Lebanon's Christians emerged on Monday from a by-election split down the middle after opposition leader Michel Aoun's candidate narrowly beat former President Amin Gemayel, a pillar of the Western-backed government.
Both sides took comfort from Sunday's contest in the Metn area north of Beirut, but the outcome offered no clear pointers to the forthcoming presidential election or a way out of a 9-month-old deadlock paralysing Lebanon's ruling institutions. "It does not close the house of Gemayel or deliver Aoun to the presidency," political analyst Samir Constantine said.
Aoun is the only declared candidate for president, always a Maronite Christian under the sectarian power-sharing system. Choosing a successor to pro-Syrian President Emile Lahoud is the next political battle for the anti-Syrian forces behind Prime Minister Fouad Siniora and the opposition that groups Aoun with Hezbollah and Amal, Shia factions backed by Damascus.
The ruling coalition's majority in parliament fell to 69 in the 128-seat assembly after the Metn election. A pro-government candidate easily won another by-election on Sunday.
"The Metn elections ended politically without a victor and a vanquished. There was a loser, but there was no winner," said former Prime Minister Selim al-Hoss, a Sunni elder statesman. "If the contest was a contest of sizes, then both competitors were effectively down-sized."
Aoun's candidate, Camille Khoury, took the seat by 418 votes out of about 79,000 cast, but that margin undermined the former general's claim - based on the results of parliamentary elections in 2005 - to enjoy 70 percent Christian support.
"They just can't beat me," said Aoun after the result. Gemayel, who contested a seat that fell vacant when his son Pierre was assassinated in November, said his strong showing gave him a mandate to continue his anti-Syrian path.
"The battle for sovereignty and independence is not over yet," he told a news conference. He called on various Christian leaders to agree on a joint candidate for the presidency. "There should be an understanding on the presidential election as soon as possible."

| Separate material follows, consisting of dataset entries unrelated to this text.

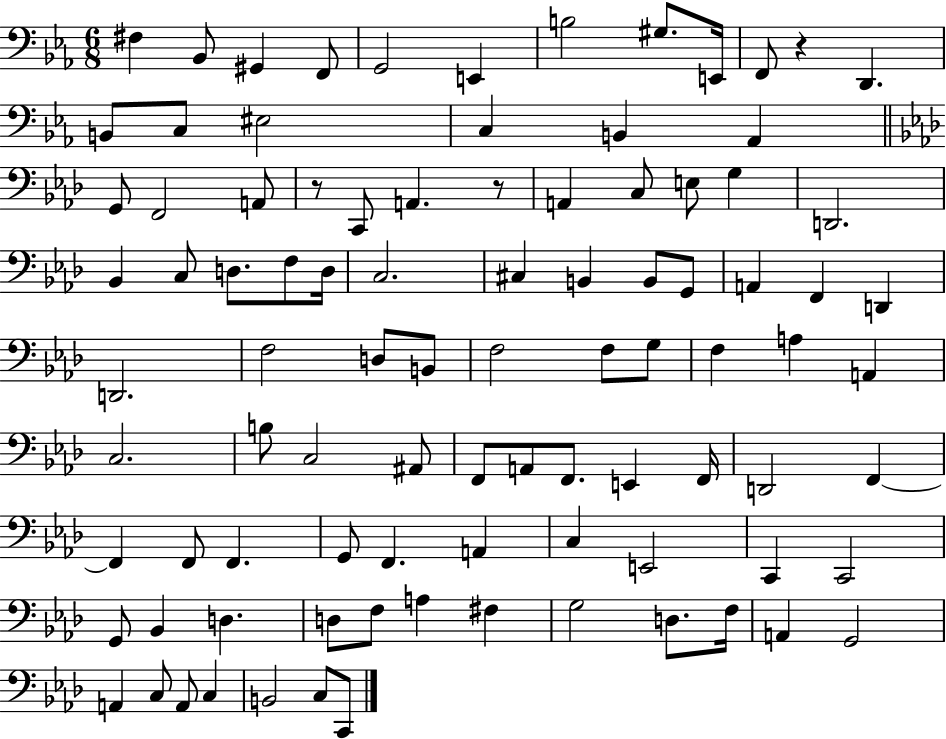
{
  \clef bass
  \numericTimeSignature
  \time 6/8
  \key ees \major
  fis4 bes,8 gis,4 f,8 | g,2 e,4 | b2 gis8. e,16 | f,8 r4 d,4. | \break b,8 c8 eis2 | c4 b,4 aes,4 | \bar "||" \break \key aes \major g,8 f,2 a,8 | r8 c,8 a,4. r8 | a,4 c8 e8 g4 | d,2. | \break bes,4 c8 d8. f8 d16 | c2. | cis4 b,4 b,8 g,8 | a,4 f,4 d,4 | \break d,2. | f2 d8 b,8 | f2 f8 g8 | f4 a4 a,4 | \break c2. | b8 c2 ais,8 | f,8 a,8 f,8. e,4 f,16 | d,2 f,4~~ | \break f,4 f,8 f,4. | g,8 f,4. a,4 | c4 e,2 | c,4 c,2 | \break g,8 bes,4 d4. | d8 f8 a4 fis4 | g2 d8. f16 | a,4 g,2 | \break a,4 c8 a,8 c4 | b,2 c8 c,8 | \bar "|."
}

Gemayel ran an emotional campaign in which he accused Aoun of seeking a return of Syrian tutelage. But the dent in Aoun's popularity, perhaps due to Christian dismay at the accord he forged with Hezbollah in 2006, is small comfort for the defeat Gemayel suffered in his own backyard.
Gemayel leads the Phalange Party founded by his father Pierre in the 1930s. Its Maronite militia played a major role in Lebanon's 1975-90 civil war, but the party is now aligned with anti-Syrian Sunni, Druze and Christian factions led by the son of assassinated former Prime Minister Rafik al-Hariri.

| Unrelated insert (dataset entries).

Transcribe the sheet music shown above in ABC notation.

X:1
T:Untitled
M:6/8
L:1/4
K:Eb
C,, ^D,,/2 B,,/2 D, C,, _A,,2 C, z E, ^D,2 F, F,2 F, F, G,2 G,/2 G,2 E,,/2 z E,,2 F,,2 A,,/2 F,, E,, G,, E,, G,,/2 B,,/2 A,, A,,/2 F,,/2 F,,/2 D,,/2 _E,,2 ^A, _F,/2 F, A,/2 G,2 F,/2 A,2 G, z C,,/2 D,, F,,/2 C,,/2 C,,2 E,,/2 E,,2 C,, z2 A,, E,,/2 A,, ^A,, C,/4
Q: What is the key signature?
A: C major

The ruling coalition is supported by the United States, France and Saudi Arabia. In a Sunni district of Beirut, a by-election for slain anti-Syrian lawmaker Walid Eido produced an easy win for a pro-government candidate who had no significant opposition. Headlines in Lebanese newspapers reflected their partisan interpretations of the result in the Metn.
"Two-thirds of Maronites vote for Gemayel, their seat goes to Aoun by 418 votes," said the pro-government Al-Mustaqbal, contending that Armenian voters had swung the vote Aoun's way.